2020年8月27日木曜日

歌集 「スターバト・マーテル」

1990年6月19日 全33首



ウィトゲンシュタインと遊んでいろ口紅吹きすさぶ春の雪淫すさぶソーニャ


木苺の絵ひらく二月身捨つべき革命花いつも異国にひらく

夏の夜の天よりながき一本の葦 避暑の少女のキャミゾール冷えて

あかつきの滑走路わきで電池切れ 『冬の旅』絶えて風へ岬へ

『堕胎詩集』に噴水飛沫ながれ来て 吾子のヨットはながれながれ

六畳間の午睡 しずまる水底に聖なる蓮ひらきエメラルドの破水


アールグレイ・ティー飲みのこし発つ多島海 (ポエティカ)求むる者の礼節

カラヤンの白髪ついと甦る 氷上うつくしく死後硬直(リゴル・モルティス)
する白魚


ジョルジョーネに夕日がかかるあざやかにあざやかに処女の太腿腐

てのひらに掌中蘭和かなかなを(すさ)びに訳す (すず)を風過ぐ

朱雀失せし霞ヶ関すきずきしくあわれなりあらたまの都市

 

荒道具商ジョナサン・コーンウォール卵黄をぐいと呑み干しヒヤシンス切る

ボール・ヴァレリーより平成二年年賀来てとりあえず青き海()きオレンジ

平成元年百円硬貨ゼブラペンにかわる 秘本焼きたしふと純情に

媚薬切れて萎えし乳房やさしやさしゴヤ淡雪の夜ばかりは

ありえぬ本を手に四月のベトナムへ たとえば『短歌のたくらみ、血の楽しみ』など


コクトー劇集十二ページに(モーヴ)のくちづけ 『トゥーランドット』噴々たる夜


知識人・歌人・哲人 融合はやさし女らと熊掌かこむ夜ばかりは


椎名桜子の鱗粉べったりと顔に 昭和十九年輪姦死せし鮮女そこ此処に

放尿絢爛たるダヴィデ・ジオット 利人(イタリアン)二十歳(はたち)両性具有者(アンドロジナス)

作詩用可塑性油脂(ショートニング)漏電(ショート)して失地回復もはや望めぬ薔薇(エグランチーヌ)

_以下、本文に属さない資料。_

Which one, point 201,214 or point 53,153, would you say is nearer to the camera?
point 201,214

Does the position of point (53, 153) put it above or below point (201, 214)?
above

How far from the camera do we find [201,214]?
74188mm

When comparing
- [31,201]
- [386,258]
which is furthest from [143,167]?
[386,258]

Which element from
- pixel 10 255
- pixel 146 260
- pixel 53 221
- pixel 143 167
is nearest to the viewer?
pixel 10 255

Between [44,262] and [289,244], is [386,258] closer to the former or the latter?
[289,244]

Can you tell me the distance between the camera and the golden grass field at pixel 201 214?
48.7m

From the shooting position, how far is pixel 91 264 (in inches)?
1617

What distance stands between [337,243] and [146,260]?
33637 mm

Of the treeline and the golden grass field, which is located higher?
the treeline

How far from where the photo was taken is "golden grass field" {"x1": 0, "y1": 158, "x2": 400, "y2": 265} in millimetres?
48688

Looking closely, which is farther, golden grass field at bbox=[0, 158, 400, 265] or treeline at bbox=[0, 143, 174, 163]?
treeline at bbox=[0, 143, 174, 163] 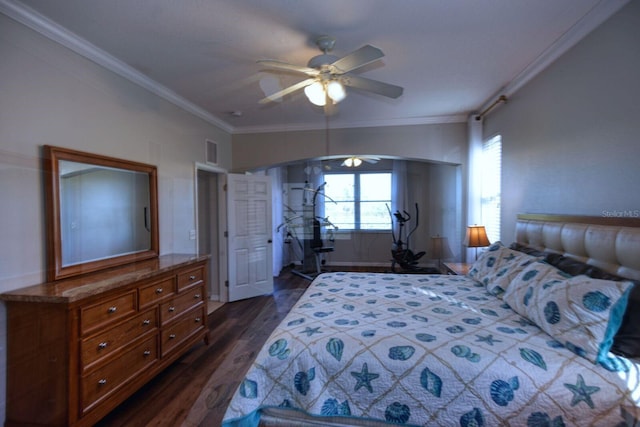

チャウセスク夫妻よこたわる その上の赤い灯油缶一缶九百円也

ミシェル・フーコー淫乱あたまてかてかと巴里徘徊 八十年代の偉大、売淫

山葵漬け厭々(あきあき)しゴロワーズ吹かす 斧鉞(ふえつ)くわえるべし腐儒に風紀に

超ひも理論超えられておだやかな春日 白罌粟博士あおく悲しむ


バットゥータ読むとき旨き桂樹(ローレルティー) 砂漠は砂漠、遠きゆえ酷きゆえ

ジョーン・フォンテーン愛するゆえ見る深夜興行 悲嘆持つべし幸福(しあわせ)よりは

春まさに(ひさ)ぐ薔薇あきんどブロッホさながら鼻肥厚して

風眼完治 ヴェネスィアンレッド眼鏡(グラス)掛けても酢の香はみどり

馬鈴薯の白き切り口 淫漏らすすべ知りし秋の少年と居り

エンゼル書店女店員治子(はるこ)春越してなおも純潔ただの純潔

青き麦つめたく靡くなびかざる亜麻色の髪 感情教育

うつくしき乳房ふつふつ汗わいて黒肌沸点途上のマリア

 

  


 

【初出】雑誌「NOUVEAU FRISSON(ヌーヴォー・フリッソン)」 1 [199019]編集発行人駿河昌樹 編集委員駿河昌樹/川島克之/須藤恭博 発行場所:東京都世田谷区代田1--14)


                             
歌集「スターバト・マーテル」からは、1990年6月創刊の新雑誌「NOUVEAU FRISSON(ヌーヴォー・フリッソン)」への 掲載となる。この雑誌は短歌、自由詩、散文から構成され、1999年の第84号まで制作が継続された。常時40~50部ほど、最盛時には200部ほどが作られた。現在でも廃刊されてはいないが、2000年より、自由詩は新雑誌「ぽ」へ、散文は新雑誌「トロワテ」へ、短歌は新雑誌「行」「朱鳥」「めひしば」などへ分化されたため、いわば発展的に透明化されたといえる。
  「NOUVEAU FRISSON(ヌーヴォー・フリッソン)」 の名は、ヴィクトル・ユゴーが若きボードレールに送った賛辞、「新しき戦慄」から採られた。